Roughly one third of U.S. renters weren’t able to pay rent in April, and an estimated 40 percent of New York City renters weren’t able to pay rent on time in April.

Homeless shelters have gotten so overcrowded the city has resorted to renting out hotel rooms for the homeless. Though this initiative might sound commendable, it is stalled in bureaucracy. FEMA laid out plans for reimbursement for the hotel rooms, but City Council dragged its feet in passing the hotel shelter bill, leaving over 10,000 shelter residents waiting in the dark.

Cuomo’s anti-worker/anti-poor policies and budget cuts are at the heart of many of the crises New York City faces today, one of the biggest being housing insecurity. Here’s a quick rundown of budget cuts and policies that contributed to the city’s housing and homeless crises:

• Publicly funded housing, once a desirable form of affordable housing, is on the brink of crumbling after decades of disinvestment from all levels of the government. An estimated $32 billion is needed for repairs and maintenance. Tenants are forced to live with toxic mold in their apartments, and sometimes wait years for basic repairs like fixing leaks.

• In 2011, Cuomo cut $65 million of funding from Advantage, a rental assistance program that helps people in shelters find homes and receive jobs or training, thus leading to an additional cut of $27 million in federal funding. That same year, then-Mayor Michael Bloomberg terminated the Advantage program. This added over 16,000 new applicants into the shelter system in three years time.

• Also that year, Cuomo cut $200 million out of the Metropolitan Transit Authority budget. He later passed a cut to payroll taxes that would have directed $250 million to the MTA operating budget. Year after year, he has chipped away at the MTA’s operating budget. These cuts came at a time that the homeless population has grown annually, resulting in an increasing presence of homeless people sleeping on trains or in stations.

• In an effort to and combat fare evasion and the presence of homeless people in the MTA, Cuomo approved a budget of $17 billion to expand the underground police force by adding 500 new officers last year.

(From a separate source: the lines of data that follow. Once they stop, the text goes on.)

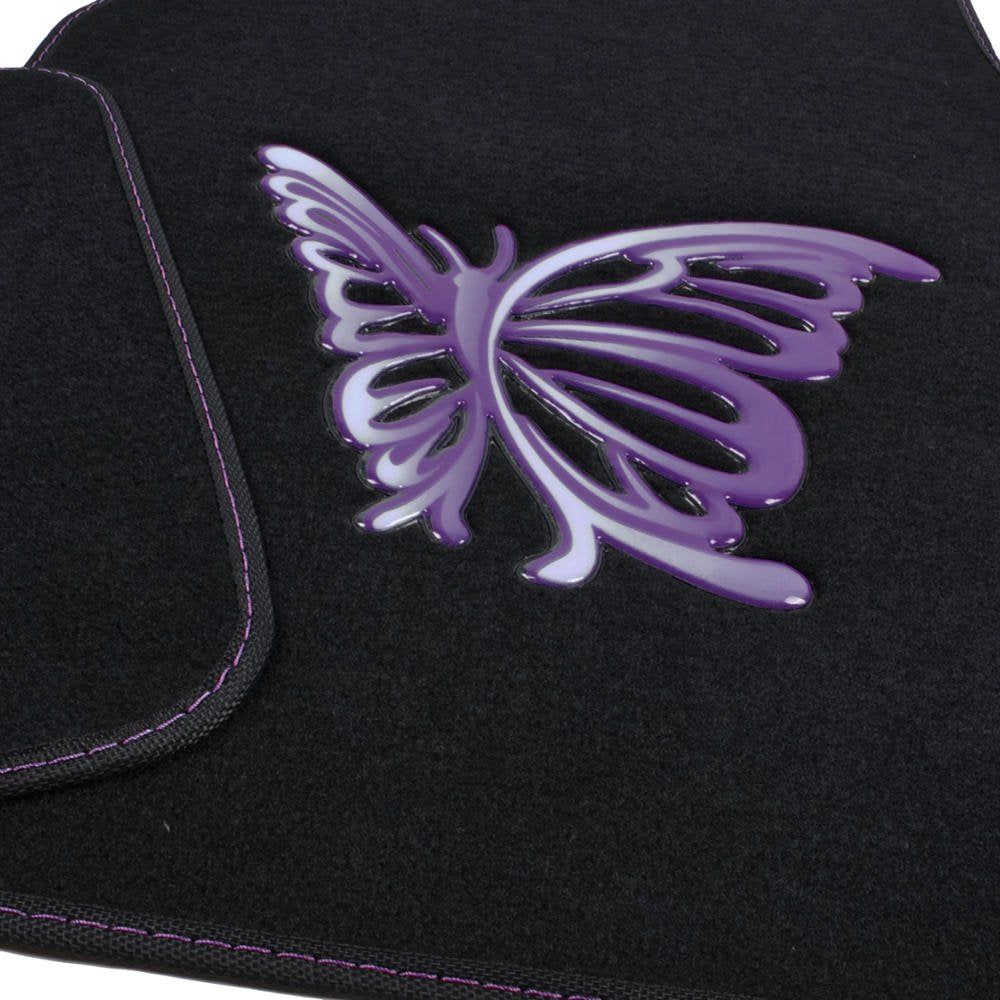 BDK Purple White Butterfly Design Carpet Car Floor Mats for Auto Van Truck SUV-4 Pieces Front & Rear Full Set with Rubber Backin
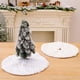 thumbnail image 3 of Faldas de árbol de Navidad de felpa de piel sintética, decoraciones navideñas, alfombrilla de Base de árbol redonda con patrón de pentagrama/copo de nieve, 3 of 4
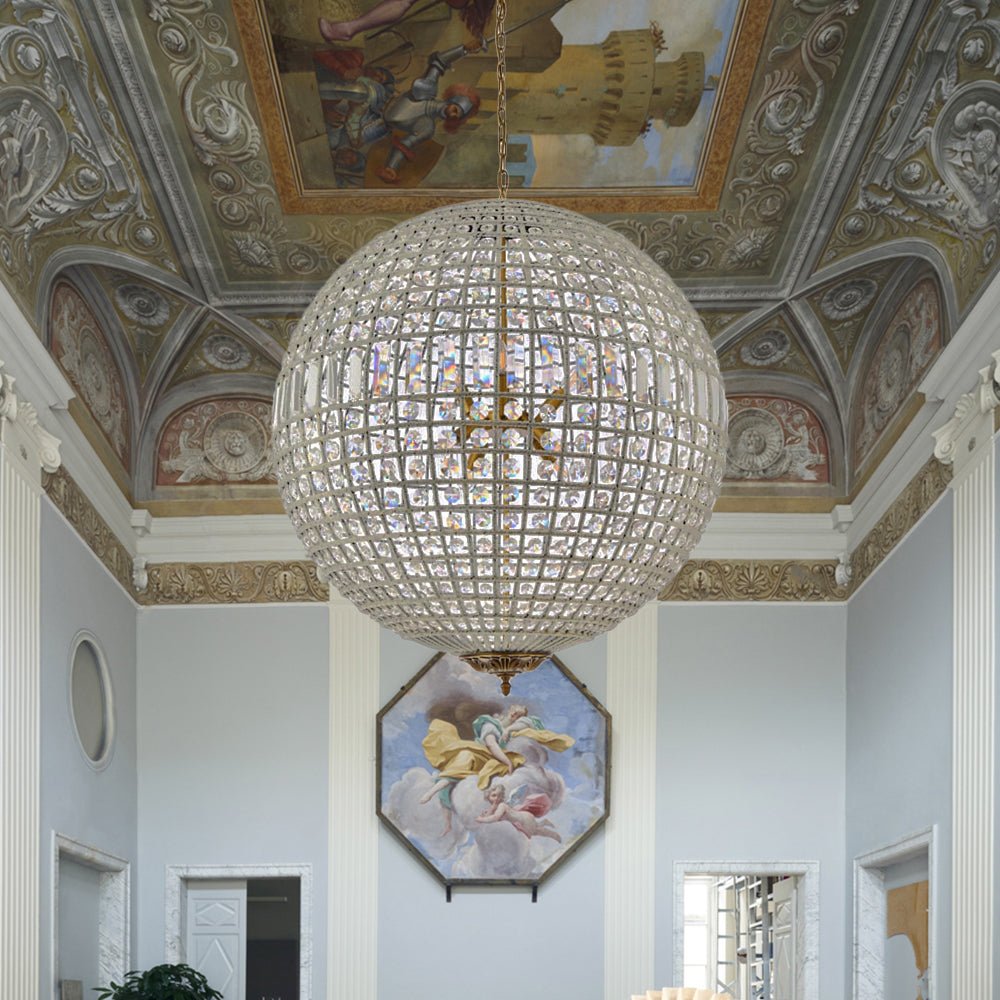 Brass Crystal Globe Chandelier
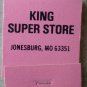 Vintage Matchbook King Super Store Jonesburg Missouri Matches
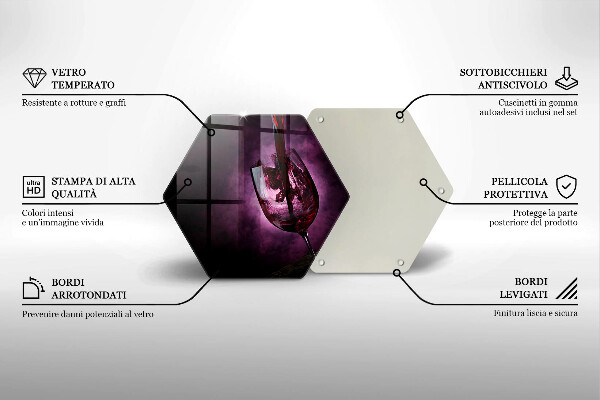 Tábua de corte de vidro Um copo de vinho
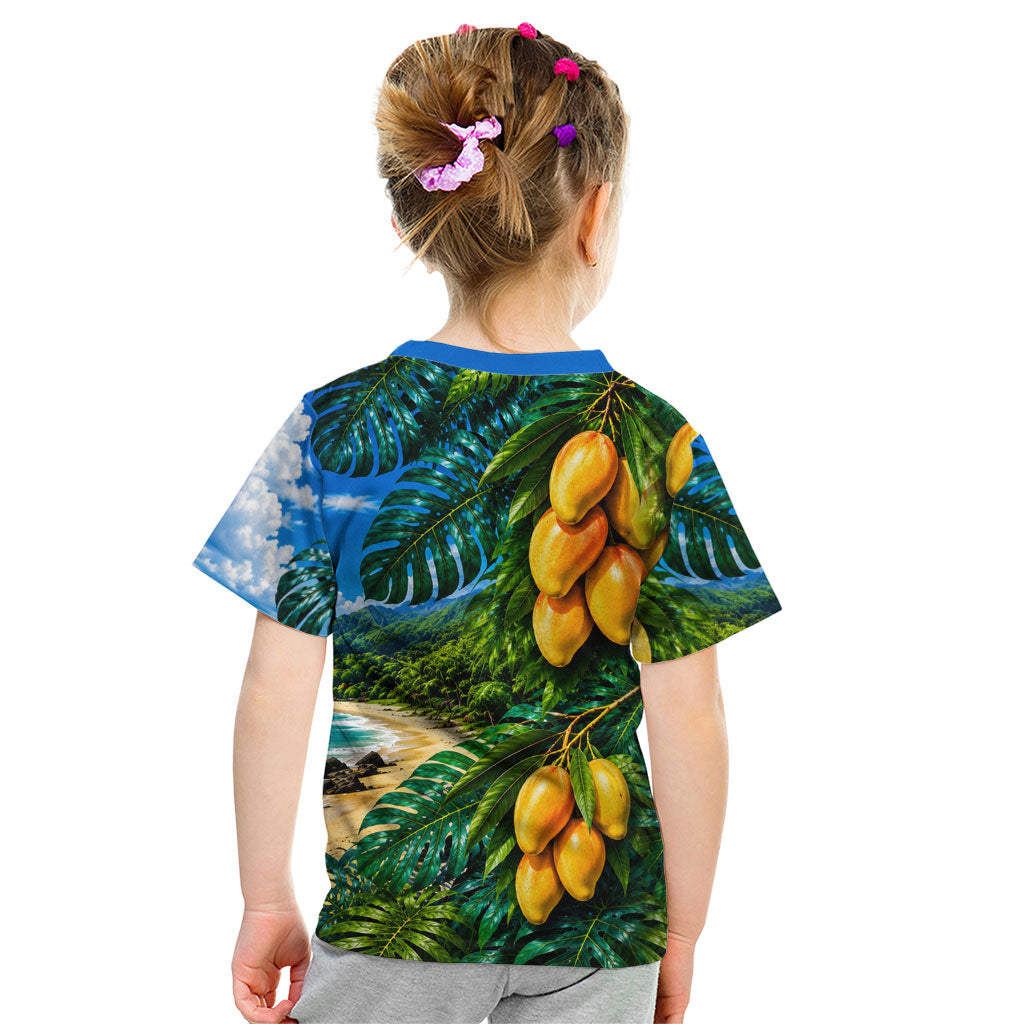 Hawaiian Mango Tropical Beach Kid T Shirt Scenic Island Nature Exotic Fruit Graphic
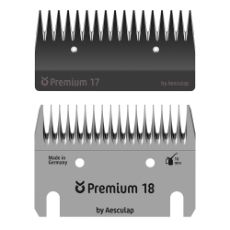 Premium skjær 18/17 u/ø storfe fra Aesculap, ideell for klipping.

Use eminent domain to seize empty apartments

Why blame homeless people when you can better use your time to enact programs to expand truly affordable and inclusive housing?

For every homeless person in New York City, there sit three empty apartments. New York City should seize empty apartments and homes and convert them to permanent, affordable housing. These homes should be expanded to provide shelter for undocumented immigrants, victims of domestic abuse, and, anyone in need of housing.

Utilizing eminent domain, New York City once tore down entire neighborhoods in the Bronx to build the Cross Bronx Expressway. Eminent domain can certainly be used to seize empty buildings, empty units, or empty investment properties to provide something tangible for the actual needs of people.

The collision of the crises in New York City was inevitable and no solution under capitalism will do anything except to benefit the rich. Now more than ever do we need a socialist system to begin placing the needs of people first.